- **Work order**: Transcribe each record exactly; skip any picture.

[[ Information open ]]

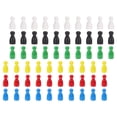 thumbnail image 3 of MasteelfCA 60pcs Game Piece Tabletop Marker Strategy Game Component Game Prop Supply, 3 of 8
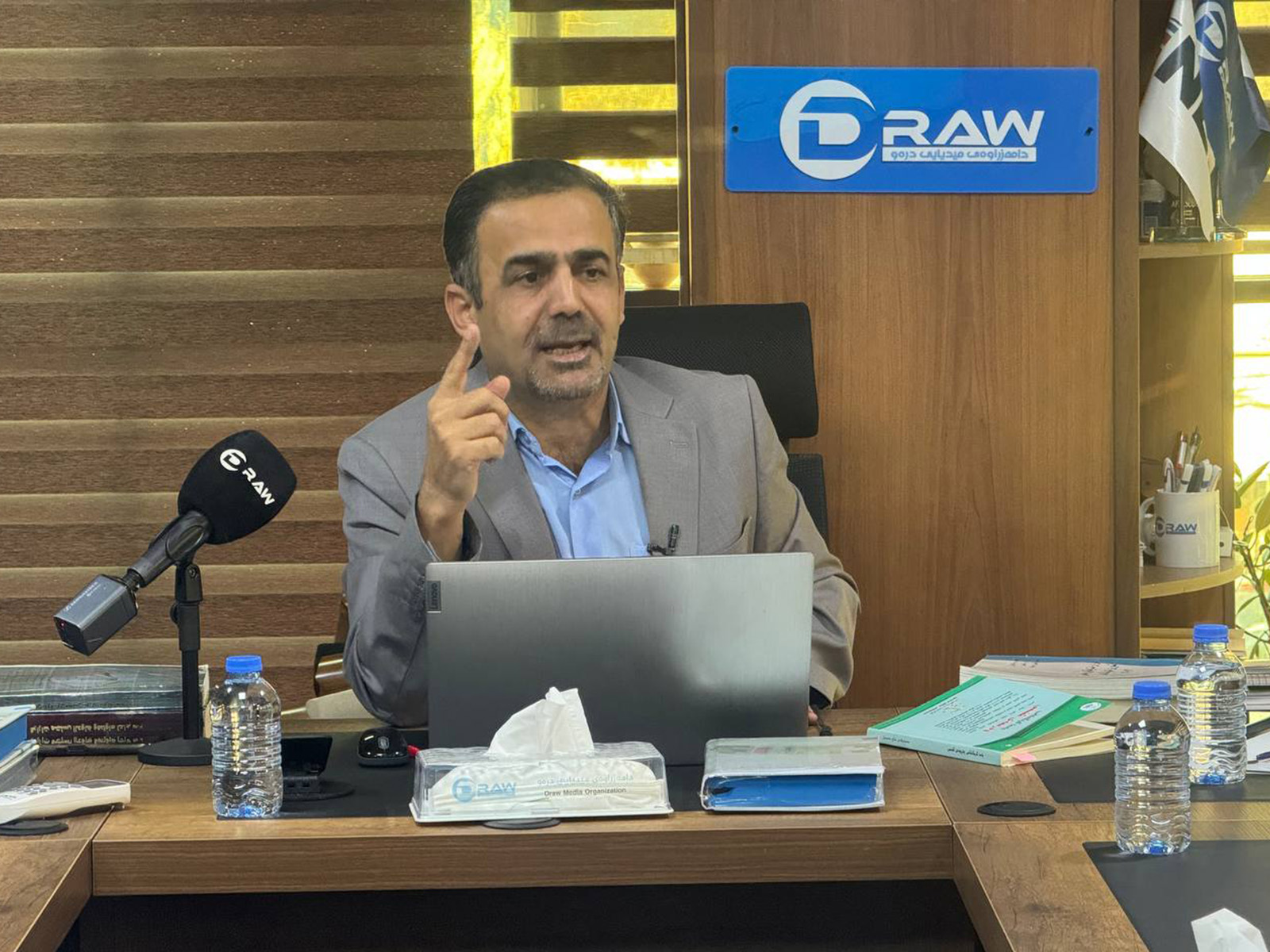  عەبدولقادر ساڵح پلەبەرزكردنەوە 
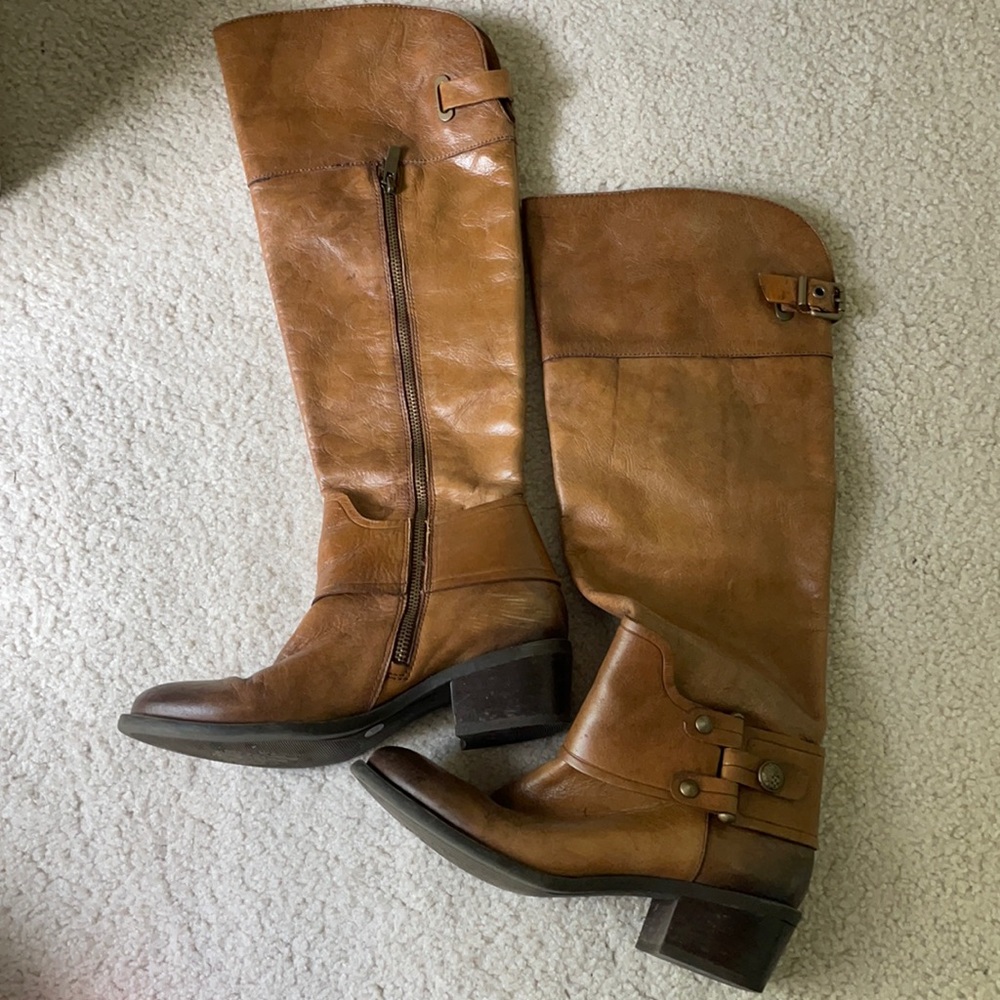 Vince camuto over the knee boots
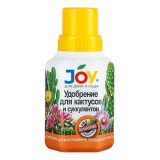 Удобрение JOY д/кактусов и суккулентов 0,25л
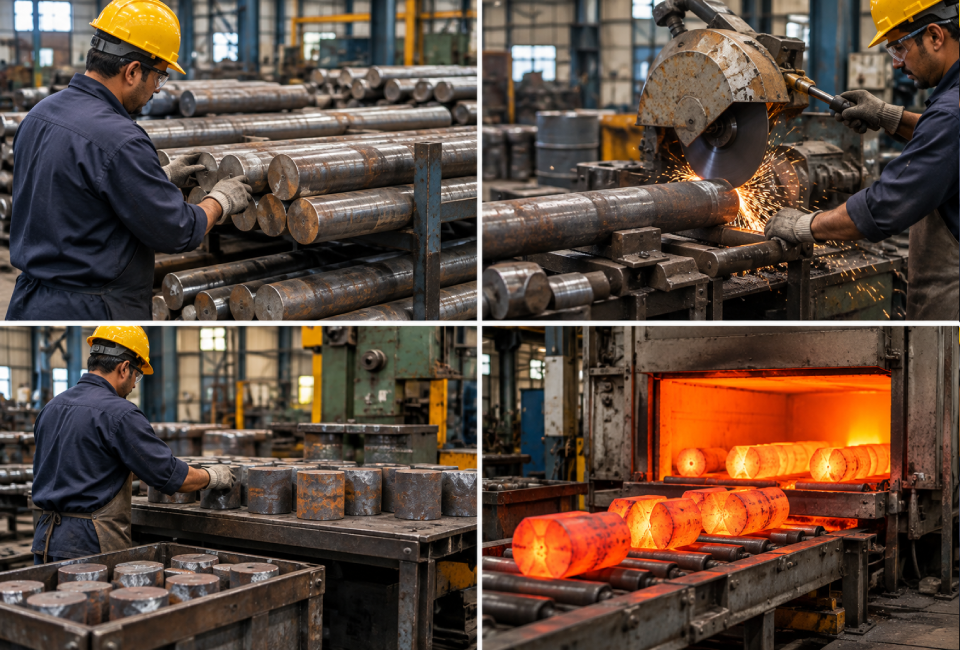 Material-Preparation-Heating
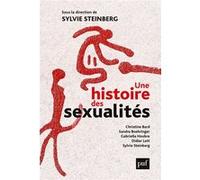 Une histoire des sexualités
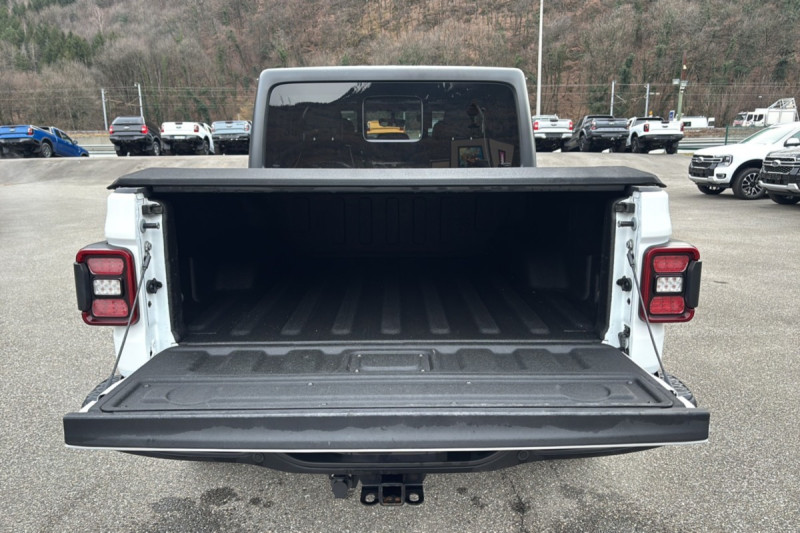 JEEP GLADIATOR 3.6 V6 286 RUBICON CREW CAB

[[ Information closed ]]

- **Response to this task**:
 thumbnail image 3 of MasteelfCA 60pcs Game Piece Tabletop Marker Strategy Game Component Game Prop Supply, 3 of 8
  عەبدولقادر ساڵح پلەبەرزكردنەوە 
 Vince camuto over the knee boots
 Удобрение JOY д/кактусов и суккулентов 0,25л
 Material-Preparation-Heating
 Une histoire des sexualités
 JEEP GLADIATOR 3.6 V6 286 RUBICON CREW CAB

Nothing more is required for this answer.